> _INFORMATION PROVIDED_:
• • •

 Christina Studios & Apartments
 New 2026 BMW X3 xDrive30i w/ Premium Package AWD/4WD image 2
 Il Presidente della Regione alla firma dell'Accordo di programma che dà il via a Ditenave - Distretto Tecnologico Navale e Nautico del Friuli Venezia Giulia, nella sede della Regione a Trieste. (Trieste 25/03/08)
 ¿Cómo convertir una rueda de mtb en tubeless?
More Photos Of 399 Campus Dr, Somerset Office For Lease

• • •

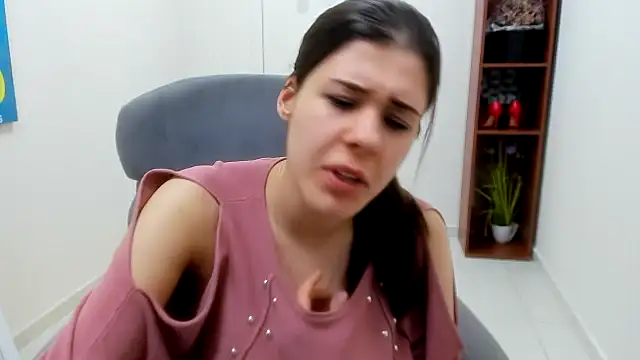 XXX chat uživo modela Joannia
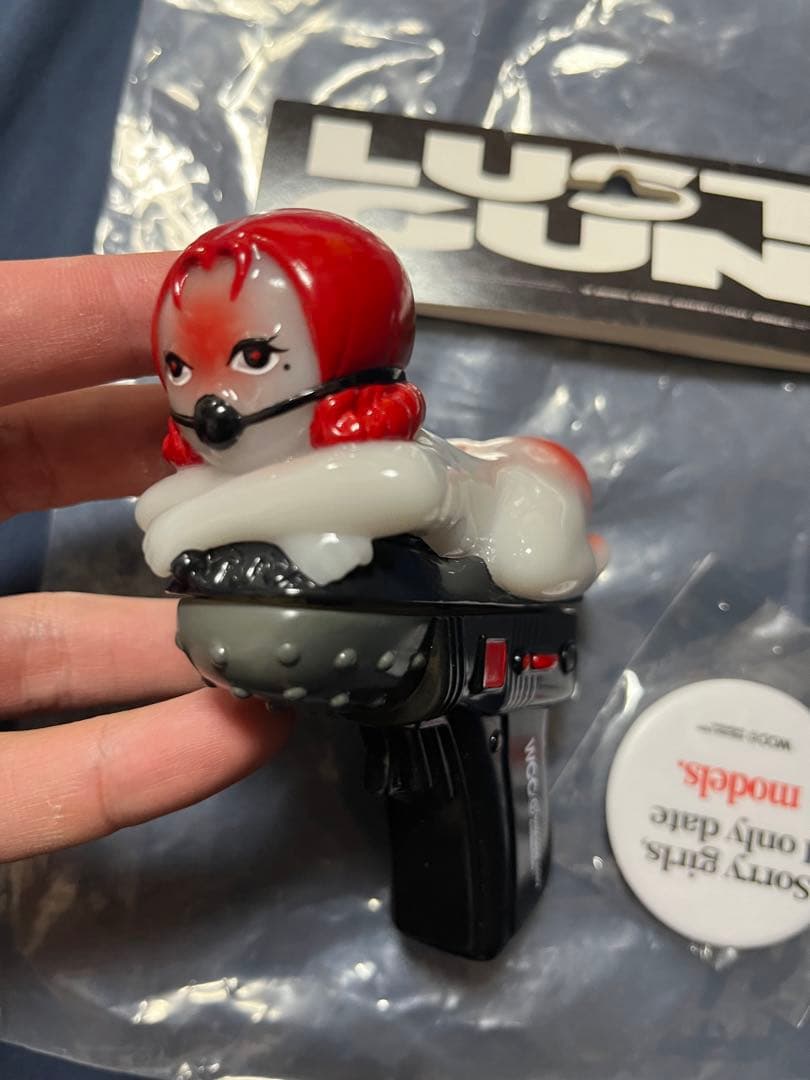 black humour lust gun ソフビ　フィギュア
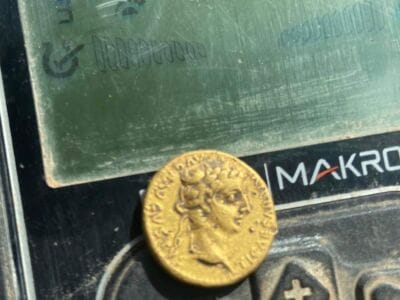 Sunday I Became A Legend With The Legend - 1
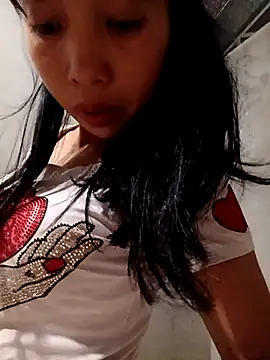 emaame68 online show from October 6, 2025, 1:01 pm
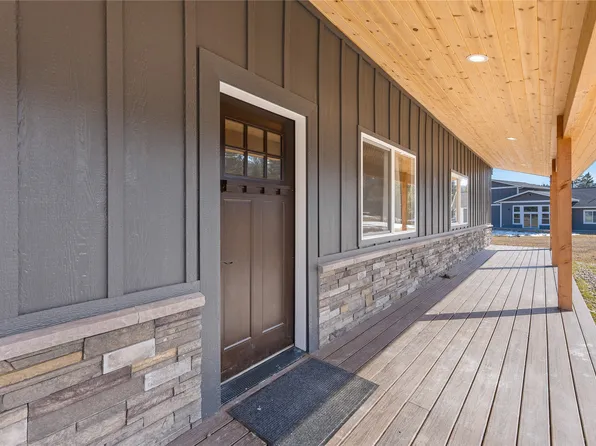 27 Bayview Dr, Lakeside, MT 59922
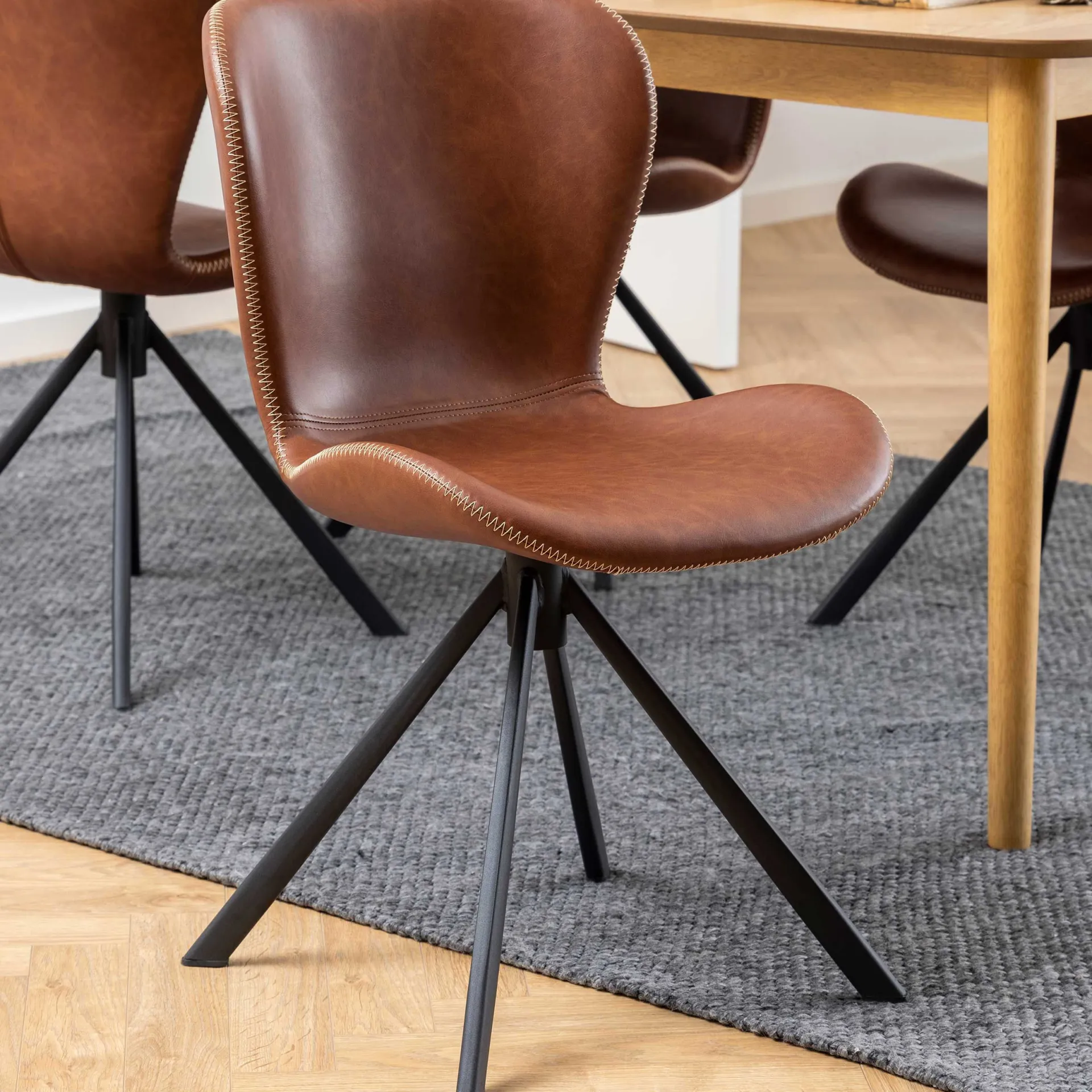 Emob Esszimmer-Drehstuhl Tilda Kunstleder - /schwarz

• • •

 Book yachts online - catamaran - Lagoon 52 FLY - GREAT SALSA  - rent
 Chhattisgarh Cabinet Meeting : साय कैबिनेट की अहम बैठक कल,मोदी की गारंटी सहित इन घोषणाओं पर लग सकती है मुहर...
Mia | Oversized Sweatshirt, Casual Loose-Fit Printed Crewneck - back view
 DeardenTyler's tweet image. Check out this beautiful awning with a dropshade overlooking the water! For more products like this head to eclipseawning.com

• • •

> _ASSIGNED TASK_: Go over the entries above and say how many lines hold the string "image", with no other text.

> _ANSWER_: 2